Compare Weather and Climate

The short-term state of the atmosphere—in the past, present, or future—is weather. People describe weather in terms of temperature, precipitation, humidity, cloudiness, wind, and other variables. Weather can vary from minute to minute and location to location. For instance, it's not unusual for a place to have a cloudy, wet morning that gives way to a sunny afternoon, or for rain to fall on one side of a town, but not the other. In order to make sense, descriptions of weather always include both time and location.

color-coded map of the U.S. Southwest with temperatures above 70 degrees F in orange and red colors and temperatures below 70F in shades of blue

An example of weather: Daytime high temperatures on June 20, 2016, during a scorching heatwave in the U.S. Southwest. Map by Dan Pisut, NOAA Environmental Visualization Lab, based on NOAA RTMA data.

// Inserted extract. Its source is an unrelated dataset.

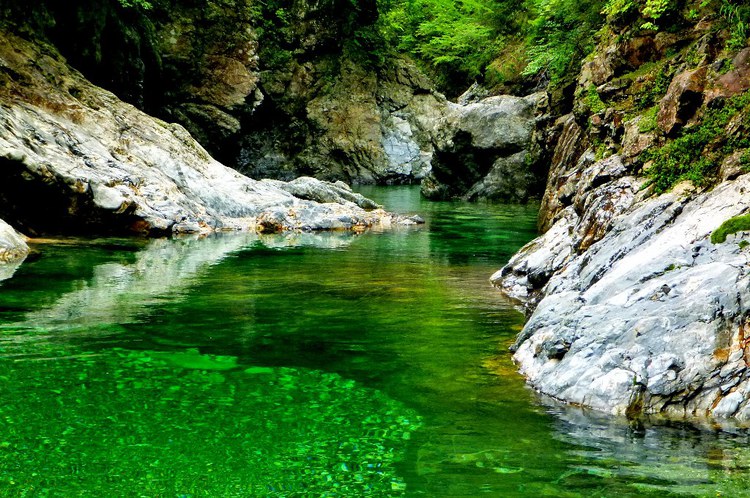 大峰・旭ノ川のゴルジュで流水スイミング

Climate is a description of the long-term pattern of weather conditions at a location. The expression “long-term” usually means 30 years or more: climate scientists have agreed that 30 years is a good length of time to establish what the usual range of conditions are at a given location throughout the year. 

An example of climate: Map of average June temperature in the United States (1981-2010), based on the U.S. Climate Normals data.

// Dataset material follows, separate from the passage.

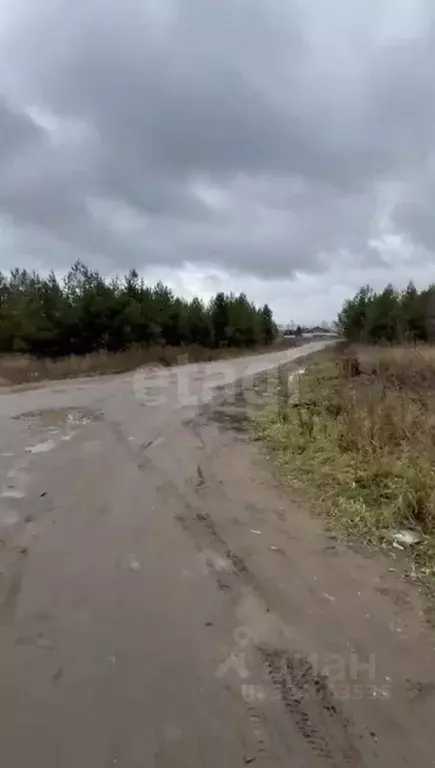 Участок в Удмуртия, Завьяловский район, д. Каменное  (100.0 сот.) - Фото 1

Looking at three decades of weather records for a place, you might summarize them by saying the summers are hot and humid and the winters as cold and snowy. While these descriptions of climate provide a sense of what to expect in each season, they don't provide any details about what the weather will be on any given day.

Some people have come up with sayings to help explain the difference between weather and climate. Here are a few:

  • Climate is what you expect; weather is what you get.
  • Weather tells you what to wear each day; climate tells you what to have in your closet.
  • Weather is the chocolate caramel truffle, climate is the whole box of chocolates.

How Weather Observations Become Climate Data

Worldwide, scientists observe weather conditions at thousands of stations every day of the year. Some observations are made hourly, others just once a day. Over time, these observations allow us to define what’s normal at each location. Mathematical averages of daily weather conditions (average temperature, average precipitation, and average humidity, for instance) are used to describe a region’s climate.

Animation showing maximum daily temperature ("daytime high") at Washington National Airport for 1 year, 3 years, and 30 years. By the time 30 years of observations have been collected, the scattering of individual dots (weather) becomes a broad swath that marks our the range of normal daytime high temperatures (climate). Animation by NOAA Climate.gov. Download individual graphs (zip folder).

Climate scientists quantify long-term average conditions for each date of the year by calculating the average (mean) of each parameter (temperature, precipitation, humidy, etc.) over the previous three decades. Official Climate Normals are calculated by NOAA at the start of every new decade. These values are the “normal” against which we contrast our daily weather in order to answer the question: “Is today's weather normal?”

What is the Value of Long-term Record Keeping?

In many locations around the United States, systematic weather records have been kept for over 140 years. These long-term records enable users to detect patterns and trends.


(1 min, 4 sec) The difference between weather variability and long-term climate trends is like the difference between the path of a dog and the path of the person walking the dog.  Credit: Siffer, produced by TeddyTV for NRK (Norwegian public TV). Animation by Ole Christoffer Haga.

The long-term effort to collect, quality control, and organize data to make it available online serves scientists, natural resource managers and other decision makers, and citizens. One place to find climate data is the Climate.gov Dataset Gallery. The full national climate archive is maintained by NOAA's National Center for Environmental Information.